Dialpad Creates Data That Powers ML Models for Human Conversation at Scale

Their transcription models leverage our platform for audio transcription and categorization, as well as verifying internal transcriptions and outputs of their models.

The Company

Dialpad improves conversations with data. They collect telephonic audio, transcribe those dialogs with in-house speech recognition models, and use natural language processing algorithms to comprehend every conversation. They use this universe of one-on-one conversation to identify what each rep–and the company at large–is doing well and what they aren’t, all with the goal of making every call a success.

 

The Challenge

Every company is different. Each has its own vernacular, its own target market, and its own goals for the conversations they have with their customers. That means that every one of Dialpad’s clients needs a robust set of unique training data to make the solution work as well as it possibly can and each training set informs a model that makes sense of that specific company’s conversation.

Creating these individual sets is a core part of Dialpad’s offering.

After all, they’re the fuel that drives the accuracy of their solution. Dialpad had worked with a competitor of Figure Eight for six months, but were having trouble reaching an accuracy threshold to make their models a success. Put simply, the labels they received weren’t good. They topped out at about 70% accuracy.

Dialpad needed a change, so they turned to Appen.

 

The Solution

Humans-in-the-loop for intelligent conversational data

Since Dialpad’s solution is built on their recognition, transcription, and comprehension models, the accuracy of those models is incredibly important. After all, almost every engineer knows the old adage, “garbage in, garbage out.” Less colloquially, it boils down to this: bad labels mean bad training data and bad training data means bad models.

Dialpad runs Appen jobs to create the data that drives these models. Primarily, they’re driving their transcription models through the platform, doing transcription from audio, categorizing audio into key moments and other important data classifications, as well as verifying internal transcriptions and outputs of their models. They even use our geolocation tools to make sure British contributors label idiomatic speech from the U.K.

 

The Result

It took just a couple weeks for the change to bear fruit for Dialpad and to create the transcription and NLP training data they needed to make their models a success

“When we changed to Appen, within a few weeks, we saw that labeler accuracy go up to 88% and it stayed in the high 80s and 90s for us ever since, even across a large diversity of models. That’s been a really, really big win.”

– Etienne Manderscheid,
Head of Data Science, Co-Founder TalkIQ (acquired by Dialpad)

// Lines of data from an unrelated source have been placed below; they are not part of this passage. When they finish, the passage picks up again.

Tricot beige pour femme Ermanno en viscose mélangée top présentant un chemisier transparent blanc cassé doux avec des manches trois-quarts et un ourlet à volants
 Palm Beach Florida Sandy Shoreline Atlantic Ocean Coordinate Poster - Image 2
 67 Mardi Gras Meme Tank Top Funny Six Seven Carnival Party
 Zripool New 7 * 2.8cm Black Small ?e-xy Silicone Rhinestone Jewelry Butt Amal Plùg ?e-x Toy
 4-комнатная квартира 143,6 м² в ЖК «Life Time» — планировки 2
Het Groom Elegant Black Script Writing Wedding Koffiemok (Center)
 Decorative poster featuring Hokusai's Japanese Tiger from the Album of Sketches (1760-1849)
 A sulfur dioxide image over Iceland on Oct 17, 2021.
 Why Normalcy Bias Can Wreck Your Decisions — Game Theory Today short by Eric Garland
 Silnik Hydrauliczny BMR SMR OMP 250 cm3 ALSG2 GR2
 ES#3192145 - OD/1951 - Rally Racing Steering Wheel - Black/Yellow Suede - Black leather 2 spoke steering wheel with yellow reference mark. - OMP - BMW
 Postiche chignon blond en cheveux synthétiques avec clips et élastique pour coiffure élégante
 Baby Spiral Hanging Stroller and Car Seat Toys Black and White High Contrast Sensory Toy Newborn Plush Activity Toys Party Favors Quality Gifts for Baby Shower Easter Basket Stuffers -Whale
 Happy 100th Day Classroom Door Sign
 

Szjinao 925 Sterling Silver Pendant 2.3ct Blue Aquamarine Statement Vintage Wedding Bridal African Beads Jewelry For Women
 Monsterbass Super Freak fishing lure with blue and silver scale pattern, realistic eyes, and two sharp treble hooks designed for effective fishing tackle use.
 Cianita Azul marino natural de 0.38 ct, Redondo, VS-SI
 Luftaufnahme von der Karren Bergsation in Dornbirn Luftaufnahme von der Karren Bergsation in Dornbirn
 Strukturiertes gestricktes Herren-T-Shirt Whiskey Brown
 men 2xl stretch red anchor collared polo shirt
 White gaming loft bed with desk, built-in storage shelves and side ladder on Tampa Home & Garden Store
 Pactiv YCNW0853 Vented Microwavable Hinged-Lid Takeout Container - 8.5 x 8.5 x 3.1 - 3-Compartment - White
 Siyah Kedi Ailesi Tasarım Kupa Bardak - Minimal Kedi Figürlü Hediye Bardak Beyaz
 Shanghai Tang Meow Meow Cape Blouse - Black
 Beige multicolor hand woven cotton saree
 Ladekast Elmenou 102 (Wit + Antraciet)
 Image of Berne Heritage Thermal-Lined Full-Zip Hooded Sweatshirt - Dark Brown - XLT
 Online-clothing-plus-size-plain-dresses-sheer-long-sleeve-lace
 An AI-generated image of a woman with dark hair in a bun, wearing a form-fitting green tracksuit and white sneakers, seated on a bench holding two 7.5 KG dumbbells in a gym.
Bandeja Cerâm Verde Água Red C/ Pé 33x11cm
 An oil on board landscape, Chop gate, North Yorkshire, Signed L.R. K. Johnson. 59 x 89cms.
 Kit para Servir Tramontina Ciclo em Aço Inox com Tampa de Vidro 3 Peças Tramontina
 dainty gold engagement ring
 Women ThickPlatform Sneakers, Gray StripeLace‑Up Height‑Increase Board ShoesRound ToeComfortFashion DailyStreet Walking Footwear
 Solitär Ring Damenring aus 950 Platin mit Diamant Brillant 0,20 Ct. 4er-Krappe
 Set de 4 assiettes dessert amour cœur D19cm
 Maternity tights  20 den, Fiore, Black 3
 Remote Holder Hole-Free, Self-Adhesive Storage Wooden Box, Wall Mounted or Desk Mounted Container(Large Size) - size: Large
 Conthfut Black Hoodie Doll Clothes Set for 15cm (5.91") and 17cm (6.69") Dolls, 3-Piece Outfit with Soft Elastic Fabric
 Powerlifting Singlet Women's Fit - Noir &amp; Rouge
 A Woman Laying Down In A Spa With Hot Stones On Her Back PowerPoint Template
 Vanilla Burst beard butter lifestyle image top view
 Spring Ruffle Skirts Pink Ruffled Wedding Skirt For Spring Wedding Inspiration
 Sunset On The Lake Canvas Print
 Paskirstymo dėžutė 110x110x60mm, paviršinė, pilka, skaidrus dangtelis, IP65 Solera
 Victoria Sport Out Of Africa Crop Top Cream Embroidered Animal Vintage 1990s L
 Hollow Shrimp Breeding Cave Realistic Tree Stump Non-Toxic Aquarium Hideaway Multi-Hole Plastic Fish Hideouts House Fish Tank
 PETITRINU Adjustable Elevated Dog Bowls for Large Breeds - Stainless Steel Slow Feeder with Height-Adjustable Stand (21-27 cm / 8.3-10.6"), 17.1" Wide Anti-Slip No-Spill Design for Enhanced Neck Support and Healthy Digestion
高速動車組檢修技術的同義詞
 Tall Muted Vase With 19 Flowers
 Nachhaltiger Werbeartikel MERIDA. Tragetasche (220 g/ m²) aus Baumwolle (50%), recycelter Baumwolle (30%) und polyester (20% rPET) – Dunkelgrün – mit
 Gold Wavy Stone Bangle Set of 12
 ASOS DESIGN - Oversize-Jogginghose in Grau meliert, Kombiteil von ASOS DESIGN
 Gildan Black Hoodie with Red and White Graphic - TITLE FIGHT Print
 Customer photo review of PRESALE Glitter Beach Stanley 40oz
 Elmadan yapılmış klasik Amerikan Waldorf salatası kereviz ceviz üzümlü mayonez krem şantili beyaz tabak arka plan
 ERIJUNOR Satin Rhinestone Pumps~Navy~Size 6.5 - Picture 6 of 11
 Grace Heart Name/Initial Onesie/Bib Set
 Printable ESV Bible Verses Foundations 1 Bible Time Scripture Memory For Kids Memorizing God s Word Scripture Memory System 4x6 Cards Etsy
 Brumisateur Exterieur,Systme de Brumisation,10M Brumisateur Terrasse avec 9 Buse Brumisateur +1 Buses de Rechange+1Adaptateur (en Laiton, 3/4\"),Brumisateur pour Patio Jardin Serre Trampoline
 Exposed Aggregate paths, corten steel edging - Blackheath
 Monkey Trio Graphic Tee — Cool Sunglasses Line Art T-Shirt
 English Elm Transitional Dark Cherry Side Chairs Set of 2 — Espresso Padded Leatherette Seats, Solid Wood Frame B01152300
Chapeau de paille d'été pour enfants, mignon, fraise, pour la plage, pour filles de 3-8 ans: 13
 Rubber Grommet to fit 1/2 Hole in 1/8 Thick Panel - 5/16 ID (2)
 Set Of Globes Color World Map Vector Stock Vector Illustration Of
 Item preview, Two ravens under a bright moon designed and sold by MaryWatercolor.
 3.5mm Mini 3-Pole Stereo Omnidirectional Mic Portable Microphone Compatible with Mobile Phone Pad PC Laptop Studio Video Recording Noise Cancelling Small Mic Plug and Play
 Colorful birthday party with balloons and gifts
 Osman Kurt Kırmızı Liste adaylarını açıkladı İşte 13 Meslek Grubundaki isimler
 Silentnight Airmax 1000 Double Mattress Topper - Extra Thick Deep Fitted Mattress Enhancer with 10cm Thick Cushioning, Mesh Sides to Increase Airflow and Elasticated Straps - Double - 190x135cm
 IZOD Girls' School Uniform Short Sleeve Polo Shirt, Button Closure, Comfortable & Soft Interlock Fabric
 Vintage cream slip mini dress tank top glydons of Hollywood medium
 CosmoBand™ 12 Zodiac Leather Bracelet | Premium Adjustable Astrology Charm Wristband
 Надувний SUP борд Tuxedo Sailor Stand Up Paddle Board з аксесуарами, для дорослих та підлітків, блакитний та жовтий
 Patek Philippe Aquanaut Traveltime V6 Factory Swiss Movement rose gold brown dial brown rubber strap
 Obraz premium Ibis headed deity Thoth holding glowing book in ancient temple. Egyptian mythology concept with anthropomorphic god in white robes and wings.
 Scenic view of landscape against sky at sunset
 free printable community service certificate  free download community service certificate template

TalkIQ has been acquired by DialPad but they continue to scale their operation with custom training data. They plan on aiming for labeling training datasets for hundreds of customer organizations, as well as generating and validating paraphrases in addition to the key moments at which they already excel. Our platform will be able to scale with them, maintaining the accuracy they’ve gotten used to, every step of the way.